We are given that the points (1,2) and (0, 3) are on the graph of f(x)=ax^2+x+c.

We can write the following equations:

3 = a*0 + 0 + c = c

and 2 = a +1 +c = a + c + 1

Now from the first equation we have c = 3.

Substitute this in 2 = a +1 +c

=> 2 = a + 1 + 3

=> a = -2

**Therefore the real numbers a and c are a = -2 and c = 3.**

To determine the real numbers a, c if the points (1;2) and (0;3) are on the graph of f(x)=ax^2+x+c.

(1,2) is on ax^2+x+c.

=> f(1) = a*1^2+1+c = 2.

Or a+1+c = 2

a+c = 2-1= 1.

a+c = 1......(1)

(0,3) is on ax^2+x+c.

=> f(0) = a*0^2+0+c = 3.

=> c = 3....(2)

We put c = 3 in (1): a+c = 1. Or a+3 = 1. So a = 1-3 = -2.

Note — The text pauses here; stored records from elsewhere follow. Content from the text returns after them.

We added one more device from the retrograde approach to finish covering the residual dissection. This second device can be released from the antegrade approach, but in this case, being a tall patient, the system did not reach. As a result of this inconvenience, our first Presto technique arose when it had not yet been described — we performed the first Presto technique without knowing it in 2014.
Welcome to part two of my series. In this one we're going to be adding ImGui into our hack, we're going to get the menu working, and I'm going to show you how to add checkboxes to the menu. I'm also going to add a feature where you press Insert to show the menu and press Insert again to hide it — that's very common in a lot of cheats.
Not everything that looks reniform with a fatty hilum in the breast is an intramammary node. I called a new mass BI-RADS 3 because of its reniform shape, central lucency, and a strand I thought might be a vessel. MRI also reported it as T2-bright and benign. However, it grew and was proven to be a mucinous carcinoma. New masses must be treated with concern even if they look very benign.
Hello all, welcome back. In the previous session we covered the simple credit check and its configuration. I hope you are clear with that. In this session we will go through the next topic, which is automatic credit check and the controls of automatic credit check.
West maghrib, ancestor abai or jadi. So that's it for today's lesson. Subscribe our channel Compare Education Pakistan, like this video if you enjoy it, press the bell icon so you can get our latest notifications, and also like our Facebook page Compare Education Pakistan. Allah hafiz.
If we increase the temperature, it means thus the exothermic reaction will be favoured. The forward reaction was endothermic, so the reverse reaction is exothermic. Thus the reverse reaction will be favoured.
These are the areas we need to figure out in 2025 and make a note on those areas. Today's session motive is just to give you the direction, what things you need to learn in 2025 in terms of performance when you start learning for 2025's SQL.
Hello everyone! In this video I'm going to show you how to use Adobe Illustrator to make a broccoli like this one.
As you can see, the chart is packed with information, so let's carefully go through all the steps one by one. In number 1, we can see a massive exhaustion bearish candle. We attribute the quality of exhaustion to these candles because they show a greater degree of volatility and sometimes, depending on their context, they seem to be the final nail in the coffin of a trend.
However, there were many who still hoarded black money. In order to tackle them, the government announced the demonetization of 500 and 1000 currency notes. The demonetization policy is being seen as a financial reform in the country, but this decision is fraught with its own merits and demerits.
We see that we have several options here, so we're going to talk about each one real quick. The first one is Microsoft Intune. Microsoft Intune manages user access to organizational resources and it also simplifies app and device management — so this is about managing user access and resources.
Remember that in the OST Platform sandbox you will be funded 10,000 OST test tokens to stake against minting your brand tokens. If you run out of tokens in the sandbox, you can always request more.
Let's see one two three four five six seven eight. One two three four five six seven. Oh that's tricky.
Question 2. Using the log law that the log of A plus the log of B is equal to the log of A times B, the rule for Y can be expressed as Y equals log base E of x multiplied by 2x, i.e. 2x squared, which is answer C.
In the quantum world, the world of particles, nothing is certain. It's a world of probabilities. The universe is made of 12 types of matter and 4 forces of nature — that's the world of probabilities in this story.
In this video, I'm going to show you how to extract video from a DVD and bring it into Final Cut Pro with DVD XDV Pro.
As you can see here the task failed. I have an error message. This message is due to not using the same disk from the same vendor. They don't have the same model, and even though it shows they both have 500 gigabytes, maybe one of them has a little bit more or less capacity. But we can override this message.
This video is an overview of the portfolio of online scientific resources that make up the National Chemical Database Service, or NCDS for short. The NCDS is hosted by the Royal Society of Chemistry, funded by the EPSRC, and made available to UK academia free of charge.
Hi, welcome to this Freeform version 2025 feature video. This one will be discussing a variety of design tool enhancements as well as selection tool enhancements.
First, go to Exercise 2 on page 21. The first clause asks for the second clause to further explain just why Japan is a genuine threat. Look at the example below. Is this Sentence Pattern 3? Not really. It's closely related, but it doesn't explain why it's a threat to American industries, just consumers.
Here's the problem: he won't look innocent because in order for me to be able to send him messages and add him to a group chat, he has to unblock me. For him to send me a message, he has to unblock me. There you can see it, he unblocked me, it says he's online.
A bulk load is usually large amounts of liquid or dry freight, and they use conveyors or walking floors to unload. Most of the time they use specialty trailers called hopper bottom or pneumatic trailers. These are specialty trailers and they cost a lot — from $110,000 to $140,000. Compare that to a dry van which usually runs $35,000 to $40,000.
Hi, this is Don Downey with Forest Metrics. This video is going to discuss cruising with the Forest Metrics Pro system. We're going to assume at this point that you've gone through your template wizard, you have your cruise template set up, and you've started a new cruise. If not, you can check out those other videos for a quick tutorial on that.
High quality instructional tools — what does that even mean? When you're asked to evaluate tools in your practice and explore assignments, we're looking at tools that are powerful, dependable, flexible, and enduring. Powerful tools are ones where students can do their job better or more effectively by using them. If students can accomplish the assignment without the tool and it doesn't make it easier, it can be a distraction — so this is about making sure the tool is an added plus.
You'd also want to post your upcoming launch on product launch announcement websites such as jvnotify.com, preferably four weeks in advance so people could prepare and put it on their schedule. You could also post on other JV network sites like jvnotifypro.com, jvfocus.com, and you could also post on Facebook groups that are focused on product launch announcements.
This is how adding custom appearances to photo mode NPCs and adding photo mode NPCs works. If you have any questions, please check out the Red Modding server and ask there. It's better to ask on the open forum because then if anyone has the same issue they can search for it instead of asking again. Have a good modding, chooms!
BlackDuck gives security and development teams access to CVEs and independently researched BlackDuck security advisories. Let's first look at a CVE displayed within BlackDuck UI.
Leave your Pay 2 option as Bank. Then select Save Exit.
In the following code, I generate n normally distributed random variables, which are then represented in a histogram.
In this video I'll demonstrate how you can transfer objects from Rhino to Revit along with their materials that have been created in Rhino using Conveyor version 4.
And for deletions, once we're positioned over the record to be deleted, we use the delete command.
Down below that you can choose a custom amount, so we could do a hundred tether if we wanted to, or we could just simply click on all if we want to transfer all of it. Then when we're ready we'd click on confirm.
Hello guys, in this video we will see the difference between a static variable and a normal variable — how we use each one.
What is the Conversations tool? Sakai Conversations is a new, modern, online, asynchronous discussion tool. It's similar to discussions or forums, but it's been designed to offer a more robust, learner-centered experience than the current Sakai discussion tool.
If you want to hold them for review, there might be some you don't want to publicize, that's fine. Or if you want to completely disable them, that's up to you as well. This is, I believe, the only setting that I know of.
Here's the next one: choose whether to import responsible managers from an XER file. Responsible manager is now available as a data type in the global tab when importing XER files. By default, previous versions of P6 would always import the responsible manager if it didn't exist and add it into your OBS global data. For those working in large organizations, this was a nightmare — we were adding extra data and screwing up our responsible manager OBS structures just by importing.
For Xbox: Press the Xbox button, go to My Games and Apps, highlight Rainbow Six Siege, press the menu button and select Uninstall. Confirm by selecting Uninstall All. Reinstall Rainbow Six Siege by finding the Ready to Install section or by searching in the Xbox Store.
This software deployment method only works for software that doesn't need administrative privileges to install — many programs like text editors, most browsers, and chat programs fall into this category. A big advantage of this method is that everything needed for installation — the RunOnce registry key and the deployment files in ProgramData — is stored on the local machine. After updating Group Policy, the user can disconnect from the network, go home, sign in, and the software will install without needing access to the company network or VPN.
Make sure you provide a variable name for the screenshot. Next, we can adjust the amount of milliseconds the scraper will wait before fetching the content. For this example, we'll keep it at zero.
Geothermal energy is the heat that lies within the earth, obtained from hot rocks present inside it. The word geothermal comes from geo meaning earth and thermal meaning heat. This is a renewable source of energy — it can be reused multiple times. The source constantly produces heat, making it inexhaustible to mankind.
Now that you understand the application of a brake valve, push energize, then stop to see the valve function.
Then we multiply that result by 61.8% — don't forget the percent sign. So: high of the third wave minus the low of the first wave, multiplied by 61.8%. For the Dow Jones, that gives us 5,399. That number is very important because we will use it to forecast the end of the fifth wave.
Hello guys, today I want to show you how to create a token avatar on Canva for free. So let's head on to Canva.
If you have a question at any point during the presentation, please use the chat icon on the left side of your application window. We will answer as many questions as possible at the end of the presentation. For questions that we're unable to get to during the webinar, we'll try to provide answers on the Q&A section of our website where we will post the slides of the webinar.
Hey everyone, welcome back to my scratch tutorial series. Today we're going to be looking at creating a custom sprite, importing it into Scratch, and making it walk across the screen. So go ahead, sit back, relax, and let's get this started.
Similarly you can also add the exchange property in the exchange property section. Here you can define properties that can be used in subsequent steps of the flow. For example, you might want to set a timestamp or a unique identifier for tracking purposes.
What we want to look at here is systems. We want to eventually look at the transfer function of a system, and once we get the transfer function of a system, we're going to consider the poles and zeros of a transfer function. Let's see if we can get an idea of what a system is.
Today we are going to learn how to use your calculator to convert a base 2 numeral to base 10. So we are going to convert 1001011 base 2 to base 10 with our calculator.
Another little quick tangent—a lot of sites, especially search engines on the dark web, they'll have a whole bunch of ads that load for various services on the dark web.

**Therefore a = -2, c = 3.**

So ax^2+x+c = -2x^2+x+3.

If the graph of the function f(x) is passing through the given points, then the coordinates of these points have to verify the expression of the function.

The point A(1 , 2) is on the graph if and only if:

f(1) = 2

We'll substitute x by 1:

f(1) = a + 1 + c

a + 1 + c = 2

The point B(0 , 3) is on the graph if and only if:

f(0) = 3

We'll substitute x by 0:

f(0) = c

**c = 3**

We'll substitute c = 3 in:

a + 1 + c = 2

a + 1 + 3 = 2

We'll subtract 4 both sides:

a = 2 - 4

**a = -2**

**The expression of f(x) is: ****f(x) = -2x^2 + x + 3**